A couple of weeks back I was talking with a friend about indexing texts. She (Hi Drea!) works with medieval dye recipes rather than culinary ones, but we both have the same sorts of problems with trying to search texts that are littered with spelling variations and foreign words.
That conversation got me thinking about, and then experimenting with, a couple possibilities for an improved cookbook search for my website. One of my tests proved to be very functional and much more efficient, so now I've got the new indexing and search interface written and am half way through building new indexes for all the cookbooks.
(While building the indexes is no longer as much work as it used to be - and the new system is a lot more maintainable - it's still a rather labor intensive task.)
Two of the texts I've done so far - "Two Fifteenth Century Cookery Books" and "Forme of Cury" - are the most irritating. They're not only large and loaded with medieval spellings, but they contain many uses of certain words I've now come to loathe.
Pyk - This word, along with its variants (pik, pyke, etc.) can mean pike (as in "Take a fresh pyk and remove the scales") or pick (as in "and then pyk out the bones"). This word is by far the worst, with no consistency in how a given spelling is used. The only saving grace is that "pick" isn't an ingredient, so I could go through the text and mark all the cases where "pyk" meant "pick" so they wouldn't be indexed. Anything left is therefore "pike".
Flowre - There are a surprising number of variants for this one (flour, flower, floure). Indexing them was made a little easier in that a plural always indicates "flowers". One text did have a couple cases where "flower" meant "flour" though, which is really awkward because people who search on "flower" don't want to see recipes with "flour" but do want to see recipes with "flowers".

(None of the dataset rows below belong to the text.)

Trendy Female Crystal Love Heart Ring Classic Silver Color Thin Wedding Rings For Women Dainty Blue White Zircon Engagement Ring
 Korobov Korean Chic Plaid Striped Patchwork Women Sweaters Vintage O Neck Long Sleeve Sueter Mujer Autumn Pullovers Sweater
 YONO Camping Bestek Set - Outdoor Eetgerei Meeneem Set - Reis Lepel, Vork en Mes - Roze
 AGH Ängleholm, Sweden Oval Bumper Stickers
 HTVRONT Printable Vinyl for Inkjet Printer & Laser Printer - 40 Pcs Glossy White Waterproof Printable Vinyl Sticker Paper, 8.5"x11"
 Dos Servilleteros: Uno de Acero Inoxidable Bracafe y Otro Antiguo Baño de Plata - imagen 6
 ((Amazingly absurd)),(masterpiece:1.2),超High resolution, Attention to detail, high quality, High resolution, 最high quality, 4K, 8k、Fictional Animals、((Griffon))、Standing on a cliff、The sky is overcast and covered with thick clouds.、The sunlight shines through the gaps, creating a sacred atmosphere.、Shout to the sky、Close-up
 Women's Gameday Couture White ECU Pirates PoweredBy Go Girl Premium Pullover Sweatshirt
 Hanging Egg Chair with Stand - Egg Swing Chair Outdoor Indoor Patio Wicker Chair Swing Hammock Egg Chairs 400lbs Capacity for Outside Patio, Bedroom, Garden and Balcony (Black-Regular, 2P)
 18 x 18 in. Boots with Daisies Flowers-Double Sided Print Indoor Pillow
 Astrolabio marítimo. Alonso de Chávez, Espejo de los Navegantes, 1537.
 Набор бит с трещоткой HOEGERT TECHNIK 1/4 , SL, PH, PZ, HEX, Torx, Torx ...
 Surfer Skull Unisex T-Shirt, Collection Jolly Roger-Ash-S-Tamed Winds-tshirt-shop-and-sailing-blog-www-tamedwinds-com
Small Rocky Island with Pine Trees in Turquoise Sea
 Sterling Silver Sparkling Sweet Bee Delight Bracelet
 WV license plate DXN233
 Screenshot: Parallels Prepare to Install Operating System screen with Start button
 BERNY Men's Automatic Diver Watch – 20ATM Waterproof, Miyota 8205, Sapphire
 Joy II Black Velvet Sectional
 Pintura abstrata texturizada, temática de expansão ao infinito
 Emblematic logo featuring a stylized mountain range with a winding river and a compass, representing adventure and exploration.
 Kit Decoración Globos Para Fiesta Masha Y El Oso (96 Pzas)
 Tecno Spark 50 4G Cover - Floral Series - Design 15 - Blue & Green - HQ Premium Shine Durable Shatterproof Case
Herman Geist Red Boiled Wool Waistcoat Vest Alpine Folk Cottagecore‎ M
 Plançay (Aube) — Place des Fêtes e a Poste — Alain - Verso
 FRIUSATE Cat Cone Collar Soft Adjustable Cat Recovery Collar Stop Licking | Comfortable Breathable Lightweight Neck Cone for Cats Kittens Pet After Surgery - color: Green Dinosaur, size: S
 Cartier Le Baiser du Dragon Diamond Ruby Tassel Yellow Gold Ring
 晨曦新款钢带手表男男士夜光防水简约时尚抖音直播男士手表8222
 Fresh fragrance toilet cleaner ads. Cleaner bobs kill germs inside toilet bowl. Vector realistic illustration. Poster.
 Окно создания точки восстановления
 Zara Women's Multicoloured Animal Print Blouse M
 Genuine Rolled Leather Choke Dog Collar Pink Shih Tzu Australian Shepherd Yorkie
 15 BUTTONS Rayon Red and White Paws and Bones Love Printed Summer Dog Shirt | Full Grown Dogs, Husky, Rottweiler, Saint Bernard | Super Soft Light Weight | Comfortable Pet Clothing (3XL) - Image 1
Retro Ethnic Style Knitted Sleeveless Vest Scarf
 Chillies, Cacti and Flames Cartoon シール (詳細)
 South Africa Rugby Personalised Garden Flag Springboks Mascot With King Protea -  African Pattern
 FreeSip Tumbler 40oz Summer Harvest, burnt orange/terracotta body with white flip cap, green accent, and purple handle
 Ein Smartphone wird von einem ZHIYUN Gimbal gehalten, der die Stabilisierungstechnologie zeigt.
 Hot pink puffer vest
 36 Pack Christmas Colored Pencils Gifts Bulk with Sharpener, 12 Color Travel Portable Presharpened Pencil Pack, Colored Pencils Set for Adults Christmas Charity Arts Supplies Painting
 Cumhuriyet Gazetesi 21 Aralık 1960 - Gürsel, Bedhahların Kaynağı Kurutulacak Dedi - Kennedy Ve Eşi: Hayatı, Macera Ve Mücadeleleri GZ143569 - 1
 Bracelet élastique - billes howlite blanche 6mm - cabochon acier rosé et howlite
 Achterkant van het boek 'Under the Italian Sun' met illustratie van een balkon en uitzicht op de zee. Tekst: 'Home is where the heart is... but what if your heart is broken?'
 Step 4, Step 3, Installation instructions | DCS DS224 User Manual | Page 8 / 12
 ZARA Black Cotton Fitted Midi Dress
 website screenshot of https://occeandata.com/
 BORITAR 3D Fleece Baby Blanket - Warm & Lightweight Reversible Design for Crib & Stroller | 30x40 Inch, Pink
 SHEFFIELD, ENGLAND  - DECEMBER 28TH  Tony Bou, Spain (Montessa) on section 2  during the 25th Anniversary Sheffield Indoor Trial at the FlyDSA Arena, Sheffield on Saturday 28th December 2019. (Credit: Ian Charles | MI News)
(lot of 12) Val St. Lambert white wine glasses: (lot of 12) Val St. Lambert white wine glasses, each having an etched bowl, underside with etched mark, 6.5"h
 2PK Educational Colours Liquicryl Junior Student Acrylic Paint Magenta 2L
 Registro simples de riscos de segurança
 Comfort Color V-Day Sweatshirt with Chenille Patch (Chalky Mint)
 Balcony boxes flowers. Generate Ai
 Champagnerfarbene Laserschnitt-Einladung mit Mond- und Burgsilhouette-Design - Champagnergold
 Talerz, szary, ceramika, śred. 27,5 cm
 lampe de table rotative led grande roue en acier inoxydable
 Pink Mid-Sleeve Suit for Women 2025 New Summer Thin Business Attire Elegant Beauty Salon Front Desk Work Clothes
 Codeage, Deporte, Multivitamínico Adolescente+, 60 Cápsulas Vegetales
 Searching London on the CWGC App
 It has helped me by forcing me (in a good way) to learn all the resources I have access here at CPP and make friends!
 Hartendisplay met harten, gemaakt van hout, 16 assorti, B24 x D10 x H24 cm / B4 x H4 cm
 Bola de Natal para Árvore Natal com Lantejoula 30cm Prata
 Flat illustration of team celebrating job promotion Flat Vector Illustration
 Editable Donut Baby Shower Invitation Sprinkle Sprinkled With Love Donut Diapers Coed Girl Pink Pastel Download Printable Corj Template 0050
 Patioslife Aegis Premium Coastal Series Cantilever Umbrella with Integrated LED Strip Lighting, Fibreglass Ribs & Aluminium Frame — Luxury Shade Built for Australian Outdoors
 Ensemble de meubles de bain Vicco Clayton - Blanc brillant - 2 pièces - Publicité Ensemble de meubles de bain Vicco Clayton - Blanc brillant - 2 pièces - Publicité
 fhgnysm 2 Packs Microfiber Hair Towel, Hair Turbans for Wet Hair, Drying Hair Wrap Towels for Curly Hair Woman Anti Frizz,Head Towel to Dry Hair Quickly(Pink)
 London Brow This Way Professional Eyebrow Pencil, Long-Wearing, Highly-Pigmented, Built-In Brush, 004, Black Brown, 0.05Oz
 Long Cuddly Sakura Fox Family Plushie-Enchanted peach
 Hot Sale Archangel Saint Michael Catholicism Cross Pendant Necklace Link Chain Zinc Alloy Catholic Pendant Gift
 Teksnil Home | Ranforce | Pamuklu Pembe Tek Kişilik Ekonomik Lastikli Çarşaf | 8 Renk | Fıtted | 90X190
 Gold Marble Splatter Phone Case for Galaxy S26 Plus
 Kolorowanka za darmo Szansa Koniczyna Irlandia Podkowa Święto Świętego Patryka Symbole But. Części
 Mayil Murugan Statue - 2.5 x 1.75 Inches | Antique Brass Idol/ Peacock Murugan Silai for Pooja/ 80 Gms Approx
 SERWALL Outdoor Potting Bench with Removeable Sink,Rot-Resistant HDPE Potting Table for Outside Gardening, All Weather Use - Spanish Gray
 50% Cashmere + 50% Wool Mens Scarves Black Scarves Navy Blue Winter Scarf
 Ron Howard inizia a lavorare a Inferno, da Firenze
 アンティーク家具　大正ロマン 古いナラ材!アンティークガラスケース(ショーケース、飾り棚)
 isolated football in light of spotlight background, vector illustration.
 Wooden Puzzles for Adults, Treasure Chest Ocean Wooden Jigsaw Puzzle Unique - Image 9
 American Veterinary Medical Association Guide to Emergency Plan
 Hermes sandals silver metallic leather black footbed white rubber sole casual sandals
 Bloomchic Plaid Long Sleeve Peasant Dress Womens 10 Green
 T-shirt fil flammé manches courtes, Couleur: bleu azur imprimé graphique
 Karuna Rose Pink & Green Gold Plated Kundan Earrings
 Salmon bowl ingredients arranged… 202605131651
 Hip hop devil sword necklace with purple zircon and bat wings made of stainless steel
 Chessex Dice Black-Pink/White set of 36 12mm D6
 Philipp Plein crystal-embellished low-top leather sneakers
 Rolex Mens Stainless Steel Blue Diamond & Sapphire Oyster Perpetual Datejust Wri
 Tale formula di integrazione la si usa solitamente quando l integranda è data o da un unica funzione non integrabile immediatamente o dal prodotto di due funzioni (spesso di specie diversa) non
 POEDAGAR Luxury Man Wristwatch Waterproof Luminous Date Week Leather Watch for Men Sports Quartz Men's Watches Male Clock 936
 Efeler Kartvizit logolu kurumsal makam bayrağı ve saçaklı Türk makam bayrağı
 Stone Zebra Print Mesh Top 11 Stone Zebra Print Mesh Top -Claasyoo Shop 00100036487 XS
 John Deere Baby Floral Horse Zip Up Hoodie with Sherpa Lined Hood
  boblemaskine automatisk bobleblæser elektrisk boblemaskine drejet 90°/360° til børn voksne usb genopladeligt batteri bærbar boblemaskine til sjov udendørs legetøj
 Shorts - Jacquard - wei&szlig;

Eles - Almost as much of a pain as "pyk". Here the many variants (els, elys, etc.) can mean either "eels" or "else". Again though, I only need to index one of the terms.
Grains - For this one I have a different issue. "Grains" can mean ... well, grains, like wheat. Alternately, it could be part of the term "grains of paradise" meaning the seeds of the plant Aframomum melegueta. Generally the plural always means "grains of paradise" and the singular means "grain".
Even though I'm an incredible word geek, after working on these texts I really do hate these words. I also have a renewed appreciation for standardized spelling (or "standardised" for those in the UK).